Al deze spannende, grappige, romantische en droevige verhalen samen vertellen de dramatische geschiedenis van Arthur en de ridders van de Ronde Tafel. Dat gebeurt niet voor het eerst, zul je zeggen, dus waarom zou je het nog een keer doen? De belangrijkste reden is dat Agave Kruijssen altijd terugkeert naar de middeleeuwse bron en het verrassende is, dat je daar vaak een heel ander verhaal aantreft dan het verhaal dat nu wordt verteld in modernere boeken en films. Wij zijn gewend aan het verhaal over Arthur, Lancelot en Gwinnevere. Zoals bekend was Arthur met Gwinnevere getrouwd, maar Lancelot en Gwinnevere waren verliefd op elkaar. In moderne versies gaat Arthurs rijk ten onder omdat die verboden verhouding aan het licht komt.
Voor een middeleeuwer zou dat verbijsterend zijn. Bijna niemand in adellijke kringen trouwde in de middeleeuwen uit liefde. Een huwelijk werd gesloten om politieke of economische redenen. Je liep dus een grote kans verliefd te worden op iemand met wie je niet getrouwd was. De liefde (minne) tussen Lancelot en Gwinnevere was een voorbeeld voor iedereen die iets dergelijks doormaakte, ook voor de bedrogen echtgenoot. Overspel was iets waar je als redelijke mensen een nette oplossing voor kon verzinnen. Het was zeker geen reden om oorlog te voeren of een koninkrijk op het spel te zetten.

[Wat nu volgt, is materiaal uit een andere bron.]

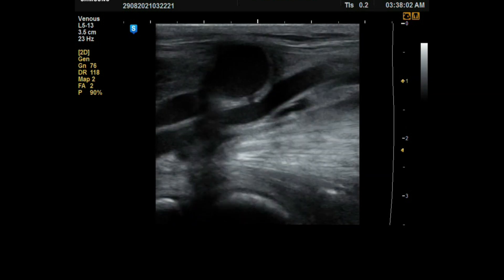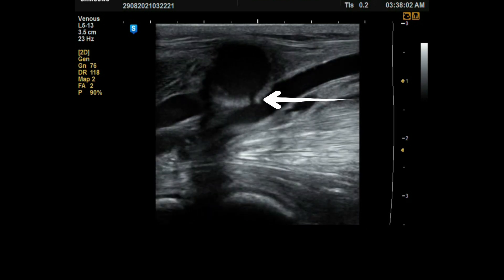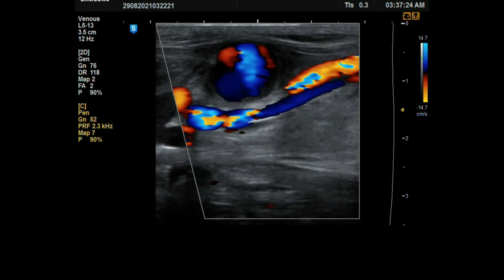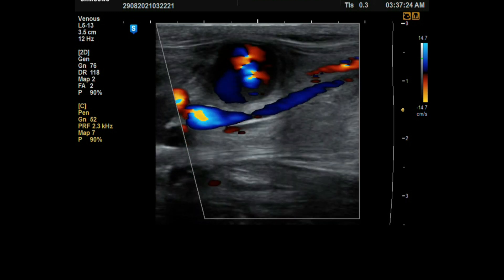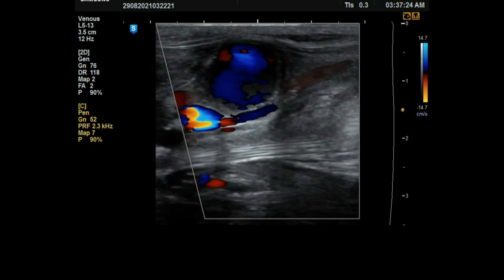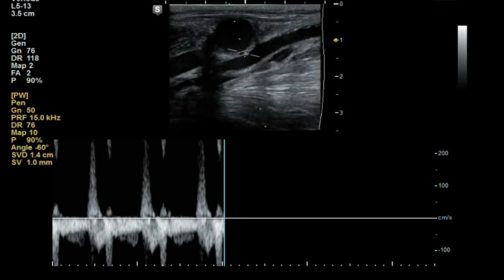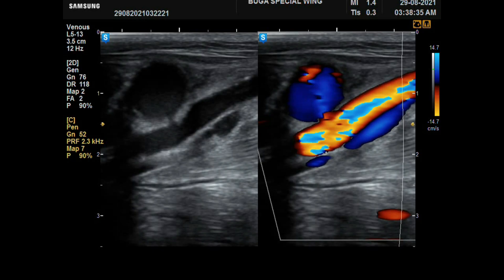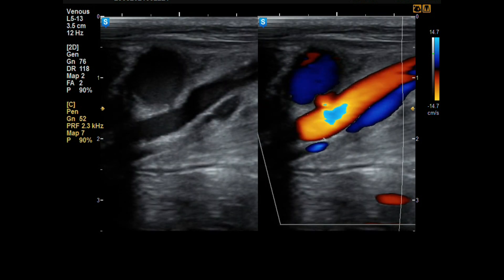On color Doppler, we find the to-and-fro sign, or yin-yang sign, as blood enters through the neck and then returns back to the artery. On spectral Doppler, when we place the cursor on the neck, we have a to-and-fro pattern: blood enters the neck during systole and then reversal flow back to the artery during diastole. Thanks for watching and have a nice day.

In de ogen van de middeleeuwse luisteraar was die liefde dus niet het echte probleem. Dat hebben wij ervan gemaakt, omdat wij nu wél uit liefde trouwen en huwelijkstrouw heel belangrijk vinden. Nee, voor de middeleeuwer speelde een heel ander probleem: de plotselinge vijandschap tussen de twee vrienden en strijdmakkers Lancelot en Walewein, want door die vijandschap viel de orde van de Ronde Tafel uiteen. Toen konden allerlei kwade krachten de overhand krijgen, zoals Mordred die uit was op het koningsschap. Hoe dat precies is gegaan kun je nu lezen in Afscheid van Arthur: het échte verhaal over Arthur en zijn ridders van de Ronde Tafel. Geen waargebeurd verhaal, maar voor de luisteraars van toen net zo levensecht als soaps en andere tv-series voor het publiek van nu, omdat het gaat over gevoelens die niemand vreemd zijn: vriendschap, liefde, trouw, eer en haat.